世界は常に変化している。仏教で言う「諸行無常」の原則に従って、動いている。「諸行」は因縁によって生じた、この世の一切の事物、「無常」は、この世の万物は常に変化して、ほんのしばらくも留まるものはないことだ。「諸行無常」といえば、一般に世の中は儚いもので、すべてが消滅する悲しいことと考えがちである。しかし、本来の意味はそうではなく、すべてのものは変化して、一定の状態に留まっているのではないとの意味である。例えば、人間は「必ず」死に至るし、その他の生物も同様である。無生物の鉄であっても次第に錆びて劣化するし、堂々たる家も、年月を経ればボロ屋敷になる。岩石もそのうちには、くだけて砂となる。長いか短いかの問題である。
一方で、それに対して抗うように、万物は外部からエネルギーを得て変化する。単に消滅の一途を辿るのでなく、進化する場合も多い(ただし長い年月で見ると消滅することになる)。この場合も変化が伴う。つまり、すべてものが、一定の状態に留まらず、常に変化するにもかかわらず、人間は全てのものを変化しないとみなすか、変化しないように希望する。もし、人間が幸せを望むなら、万物の変化に伴って自分も変化するか、あるいは、世界は常に変化しているとの理を理解すべきだろう。可愛い子供がいる幸福な家庭も、子供が成長するとその家庭は解体する。解体を拒否して同じ状態を保とうとすれば、子供を囲い込み、悲惨なことになるだろう。会社も同様である。成功した事業は、そのうち低迷する宿命にある。会社を継続しようとすれば、常に新しい変化を受け入れなければならない。人間の安定志向と正反対だ。つまり、「諸行無常」は宿命なので、人間はそれを受け入れるしかないのだ。

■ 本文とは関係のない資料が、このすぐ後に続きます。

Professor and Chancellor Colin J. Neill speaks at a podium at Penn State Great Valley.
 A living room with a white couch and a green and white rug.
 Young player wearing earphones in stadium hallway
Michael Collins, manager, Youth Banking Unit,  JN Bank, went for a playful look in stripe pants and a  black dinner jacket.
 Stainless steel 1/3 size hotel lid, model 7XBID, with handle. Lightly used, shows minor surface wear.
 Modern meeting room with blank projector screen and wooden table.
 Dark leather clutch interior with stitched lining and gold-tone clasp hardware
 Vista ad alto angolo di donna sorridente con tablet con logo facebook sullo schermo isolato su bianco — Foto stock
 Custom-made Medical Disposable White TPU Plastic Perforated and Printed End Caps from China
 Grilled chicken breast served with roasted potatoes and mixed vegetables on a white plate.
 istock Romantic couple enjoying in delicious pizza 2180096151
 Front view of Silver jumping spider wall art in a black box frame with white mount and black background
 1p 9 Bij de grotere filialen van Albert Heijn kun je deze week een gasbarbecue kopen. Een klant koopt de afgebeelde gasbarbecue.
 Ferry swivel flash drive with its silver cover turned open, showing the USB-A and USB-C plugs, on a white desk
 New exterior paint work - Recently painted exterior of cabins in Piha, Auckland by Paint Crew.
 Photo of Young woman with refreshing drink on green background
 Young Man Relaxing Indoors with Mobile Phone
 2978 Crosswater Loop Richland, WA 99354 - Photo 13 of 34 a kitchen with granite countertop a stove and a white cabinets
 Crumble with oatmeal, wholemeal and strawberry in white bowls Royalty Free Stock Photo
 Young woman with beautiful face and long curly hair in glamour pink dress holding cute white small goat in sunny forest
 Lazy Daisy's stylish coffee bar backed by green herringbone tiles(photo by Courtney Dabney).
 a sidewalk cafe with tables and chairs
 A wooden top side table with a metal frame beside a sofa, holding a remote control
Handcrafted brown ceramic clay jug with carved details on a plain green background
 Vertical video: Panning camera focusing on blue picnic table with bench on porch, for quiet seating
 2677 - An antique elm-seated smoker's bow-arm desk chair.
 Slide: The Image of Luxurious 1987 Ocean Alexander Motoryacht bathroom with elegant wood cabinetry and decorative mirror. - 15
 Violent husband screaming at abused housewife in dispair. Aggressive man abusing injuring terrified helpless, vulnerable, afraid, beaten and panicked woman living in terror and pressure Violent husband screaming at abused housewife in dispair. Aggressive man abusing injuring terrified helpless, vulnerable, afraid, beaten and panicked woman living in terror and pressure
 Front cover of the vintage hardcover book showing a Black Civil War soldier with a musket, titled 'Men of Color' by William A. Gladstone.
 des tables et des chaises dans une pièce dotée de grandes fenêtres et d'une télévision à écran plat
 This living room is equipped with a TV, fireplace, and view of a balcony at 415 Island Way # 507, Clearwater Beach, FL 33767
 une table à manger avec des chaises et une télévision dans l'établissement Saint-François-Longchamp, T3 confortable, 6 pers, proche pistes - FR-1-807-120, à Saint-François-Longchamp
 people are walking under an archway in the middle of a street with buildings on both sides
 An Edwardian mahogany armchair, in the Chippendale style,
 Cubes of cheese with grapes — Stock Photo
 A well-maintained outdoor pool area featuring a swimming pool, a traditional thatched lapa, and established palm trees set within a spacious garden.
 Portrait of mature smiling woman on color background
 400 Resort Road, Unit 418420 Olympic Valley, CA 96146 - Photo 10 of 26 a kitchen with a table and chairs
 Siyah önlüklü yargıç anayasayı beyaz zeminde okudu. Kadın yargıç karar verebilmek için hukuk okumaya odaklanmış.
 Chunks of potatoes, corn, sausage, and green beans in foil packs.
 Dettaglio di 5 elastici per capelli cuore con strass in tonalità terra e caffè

しかし、一旦その理を受け入れると、変化に強い人間となる。突然の変化も、その可能性があると受け止めることが出来るのだ。人間にとっての究極の変化は愛する者の死、あるいは自分自身の死である。そこで、これらの死も「諸行無常」の一つとして受け入れる場合は、自分自身の死を受け入れることになり、その結果、「諸法無我」(全てのものは因縁によって生じたものであって実体性がない)との考えに至る。しかし、ここは簡単には進めない。なるほど、すべてのものは変化する、「諸行無常」の考えは理解できるが、そう考える自分自身が実は存在しないとなると話が違う。
自分自身が、つまり、考えている主体が消滅することは考えの外になる。実態としての世界の絶え間ない変化は、何かそれを測定し、観察することがあってこそ実証できる。その観察する実態が消滅することになれば、その変化はどうなるのだろう。そこには「論理性」が登場できない。現実の問題にとらわれている自分の存在と、それらを押し流すような世界の法則との間に、長い間正解を求めることが出来なくて、悩むことだろう。答えは見えないが、多分、この様な悩みの中におぼろげにあるかもしれない。
ブッダは、何不自由なく生活しているときに、突然、自分はやがて死んでいかなければならない、と知った。死にゆく存在である自分を見つめることが、すなわち、現実の実態を見つめることが、自分は何のために生まれて来たのか、本当の生きる目的を求める第一歩なのだということに気付いた。死の向こうには、天国や極楽があるのはなく、無が存在する。そして、地球上のすべての生き物は、死に至る運命にあり、無に至る。大きな宇宙の中で、生態系は常に変化し、一定のところに留まるものはないと知ったのである。